What Might Happen With Floating Rate ETFs When Rates Rise

In anticipation of a rising interest rate environment, fixed-income investors should consider ETFs that track floating rate notes.

Should expectations of higher interest rates gain momentum, it would not be surprising to see investors embrace floating rate exchange traded funds as additions to fixed income portfolios.

 

The iShares Floating Rate Bond ETF (NYSEArca: FLOT) is one of the largest ETFs dedicated to floating rate notes. Floating rate notes, like the name suggests, have a floating interest rate.

Specifically, the notes’ have a so-called reset period with interest rates tied to a benchmark, such as the Fed funds, LIBOR, prime rate or U.S. Treasury bill rate.

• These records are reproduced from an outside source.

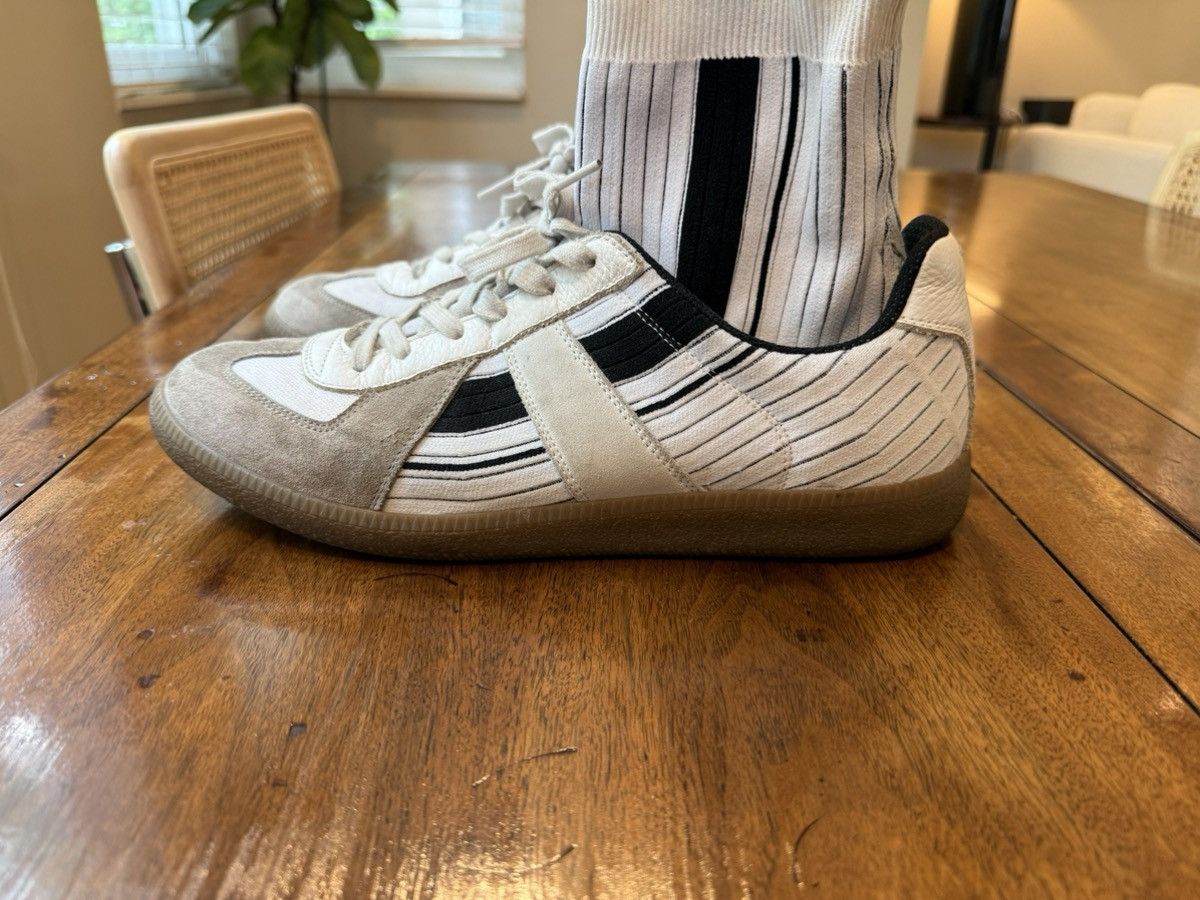 Maison Margiela Maison Margiela Replica Gat Sock Runner Size US 10.5 / EU 43-44 - 2 Thumbnail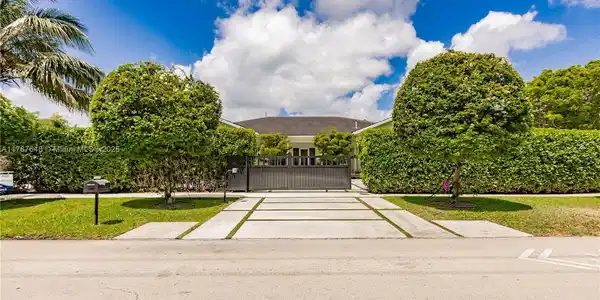 8200 SW 62nd Ave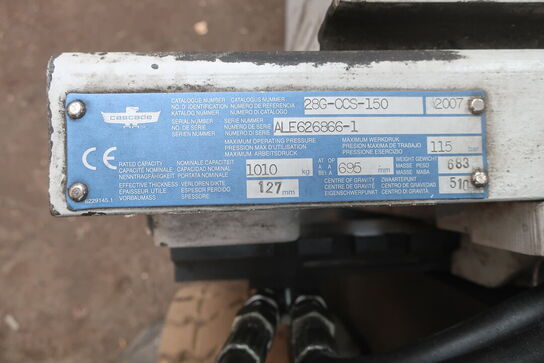 Gaffeltruck LINDE E16-01 med en papklemme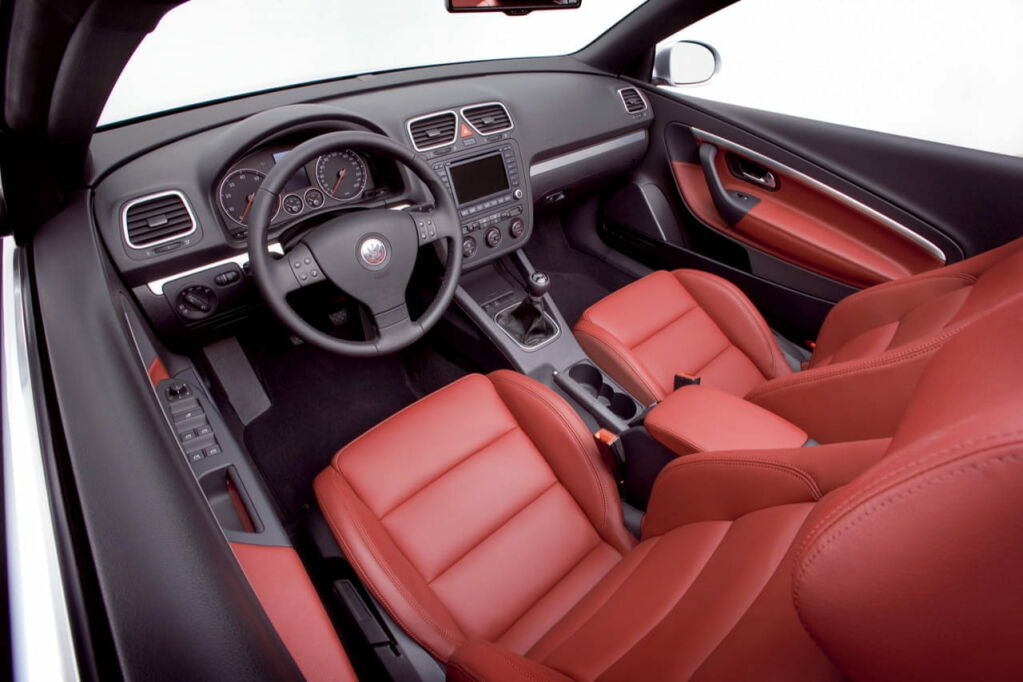 Volkswagen Eos 2009. VOLKSWAGEN EOS BLOG - Race Car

Due to their short reset periods, these floating rate funds have relatively low rate risk.

Related: 31 ETFs for Maximized Fixed-Income Investing

Other floating rate note ETFs include the SPDR Barclays Investment Grade Floating Rate (NYSEArca: FLRN) and the iShares Treasury Floating Rate ETF (NYSEArca: TFLO).

With more expecting the Federal Reserve to begin another round of interest rate hikes as soon as December, fixed-income investors are shifting into senior secured floating-rate bank loans and related exchange traded funds to hedge against rising rate risks. That includes the popular PowerShares Senior Loan Portfolio (NYSEArca: BKLN), the largest senior loan-related ETF on the market.